So if I understand: in GPIO Pulse ISR, Tvalueis incremented every timer interruption and it's affected to update until GPIO_D4 is true. Am I correct?


 

No, Tvalue is the current value of Timer0 A register (TAR). "GPIO Pulse ISR.vi" is processing only "GPIO D" events. Timer0 interrupts are directed to the same VI just to make LabVIEW happier (if an interrupt is used then it requests an ISR VI). Actually that interrupt is not enabled because we don't need it at all - Timer0 is configured to count down from 0xFFFFFFFF (-1) down to 0, repeating the cycle indefinetely.
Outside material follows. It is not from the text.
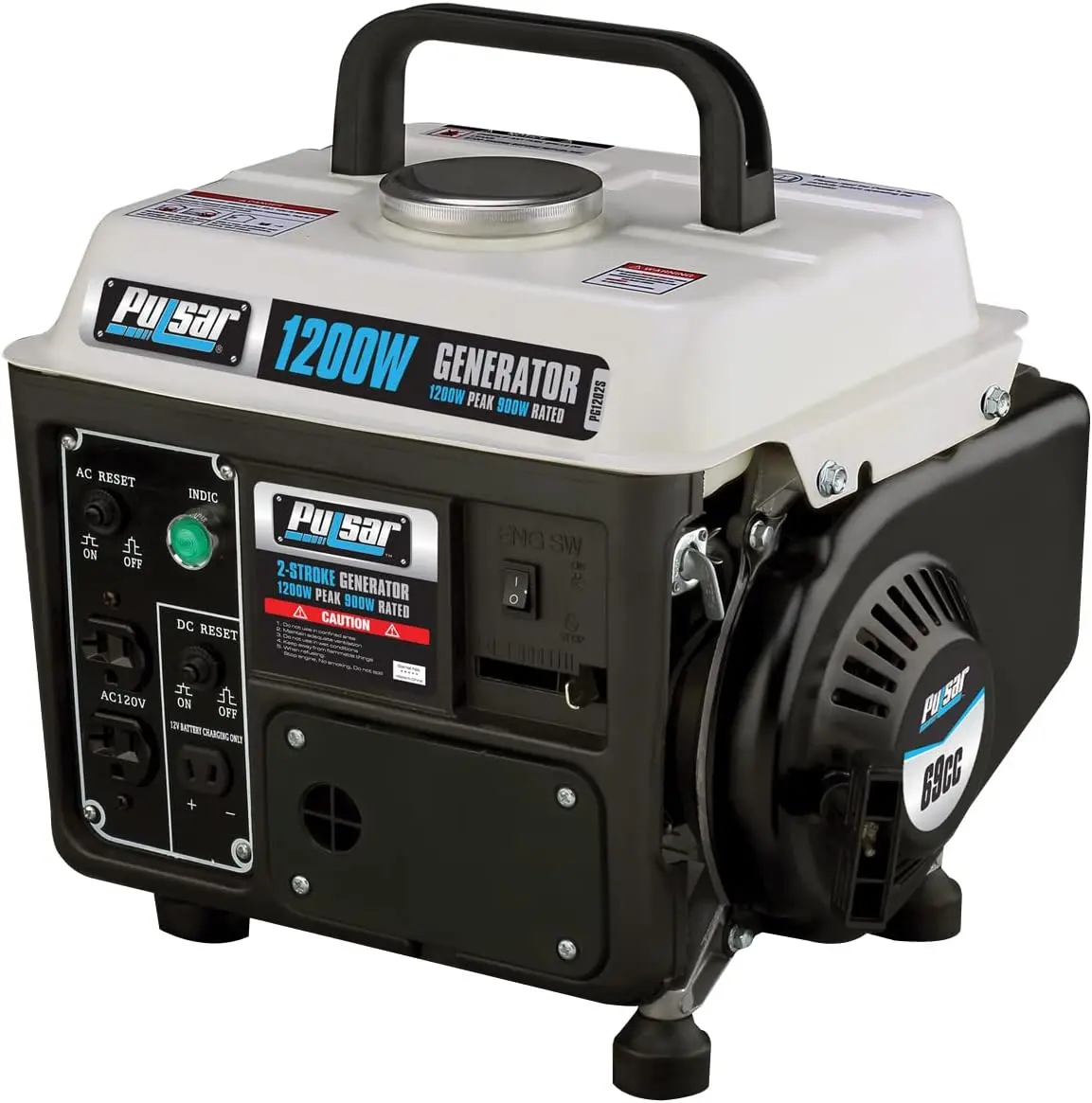 1200W Carrying Handle, PG1202SA Gas-Powered Portable Generator, Black/White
The algorithm is very simple:
1. A rising edge interrupt arrives – Tvalue is saved to Trise (i.e. 1025000)
2. A falling edge also trigger the interrupt and Tvalue is saved to Tfall (i.e. 1000000)
3. On the next rising edge Trise gets a new value (i.e. 525000), but prior saving it we compute the period. Also a counter ("update") is used to signal the main program there are new results available.


With the numeric values given above:

PW=1025000-1000000 = 25000

and

period = 1025000-525000 = 500000.

 

Of course, to transform all to microseconds, the number of cycles has to be devided by frequency (in MHz):
PW[us] = 25000/50 = 500 us;

period[us] = 500000/50 = 10000 us.

 

Note: in my example the results are not correct when update==1; that's why "arm main.vi" uses those values only after "update" member is greater than 1 (after second pulse).


neil84 wrote:
 

Why GPIO_IN_D4 is chosen here?


It's an arbitrary choice.

 


Take a look into microcontroller's datasheet. You'll find more about Stellaris timers, including an answer to my question, and probably figuring out a method to improve accuracy.


neil84 wrote:
 

In fact, I need to measure 6 PWM widths so when designing my sensor card I provided some GPIO: PC4-7 and PB4-6

To perform all the 6 measurement, I need to duplicate GPIO Pulse ISR.vi 6 times, Am I correct?

thanks



You'll not need 6 ISR VIs. However, a single ISR can be assigned to one GPIO port.

For the two ports you have two options:

- use two ISR VIs,

- use one VI for all - just add more cases in "GPIO Pulse ISR.vi" (see the vector and param terminals).